Neste momento em que a democracia no Brasil está em xeque em meio à luta para salvar o País de uma pandemia, que no início da semana já registrava quase 212 mil mortos, o livro “Ator sem consciência é bobo da corte” é lançado para revisar os desafios de um tempo de resistência, marcado pela mobilização e conexão das artes. Escrito por Mariana Rosell, resgata a história do teatro engajado brasileiro nos anos 1960 e 1970.
Mariana Rosell: “O livro é resultado do meu mestrado orientado pelo professor Marcos Napolitano”
Como bem observa Miriam Hermeto, professora do Departamento de História da Universidade Federal de Minas Gerais, que assina a orelha do livro, “esta publicação é urgência e alento”. Destaca a importância histórica do tema: “Caminha pelas relações entre o engajamento clássico dos anos 1950 e 1960 e a ‘dramaturgia de avaliação’ dos 1970 – que ressignificou as derrotas dos anos de maior repressão, sob a forma de um novo ‘frentismo cultural’, em busca de restauração da democracia”. Uma trilha que, segundo a professora, “permite compreender como o teatro reinventou práticas e projetos, redesenhando, em arte e política, horizontes de esperança”.
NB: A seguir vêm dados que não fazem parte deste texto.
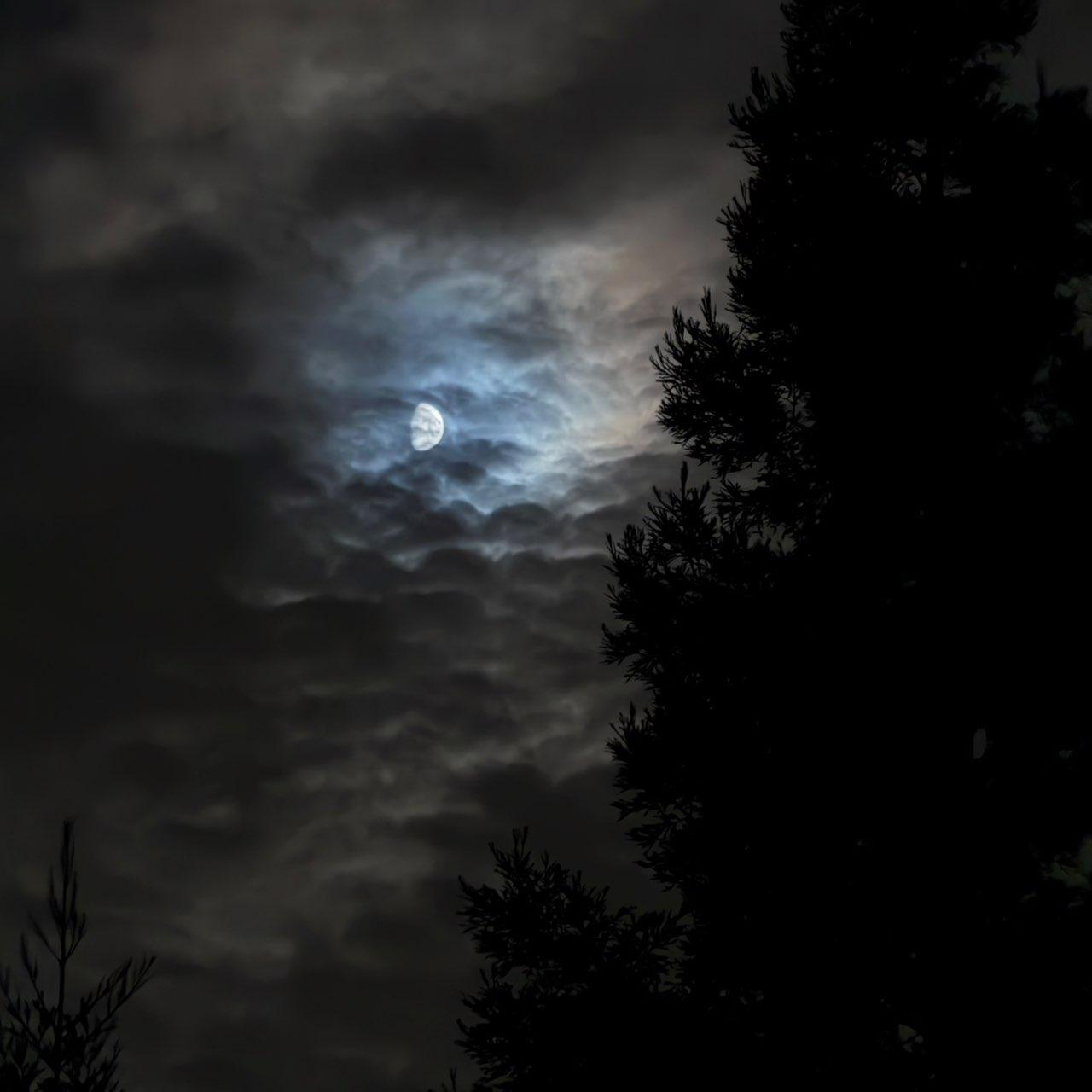 The Moon over Lodi, United States — waxing gibbous, Lunar Day 11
Para Mariana Rosell, o lançamento do livro – resultado do seu mestrado no Departamento de História da Faculdade de Filosofia, Letras e Ciências Humanas da USP (FFLCH) – coincide com um momento de reflexões. “Acredito que os estudos relacionados a períodos autoritários sempre têm seu lugar, pois nos ajudam a compreender a complexidade desses momentos e também as possibilidades e necessidades de atuação na resistência contra eles”, afirma. “Porém, no momento atual, isso é ainda mais significativo, já que movimentos e pessoas que defendem o autoritarismo têm ganho voz no espaço público e é cada vez mais necessário lembrar nosso passado recente e colaborar para a conscientização da sociedade sobre os males e legados negativos que esse tipo de experiência nos deixou. Acredito que o livro pode nos fazer refletir não só sobre a necessidade de sempre resistir ao autoritarismo, bem como sobre a importância do engajamento artístico nesse processo.”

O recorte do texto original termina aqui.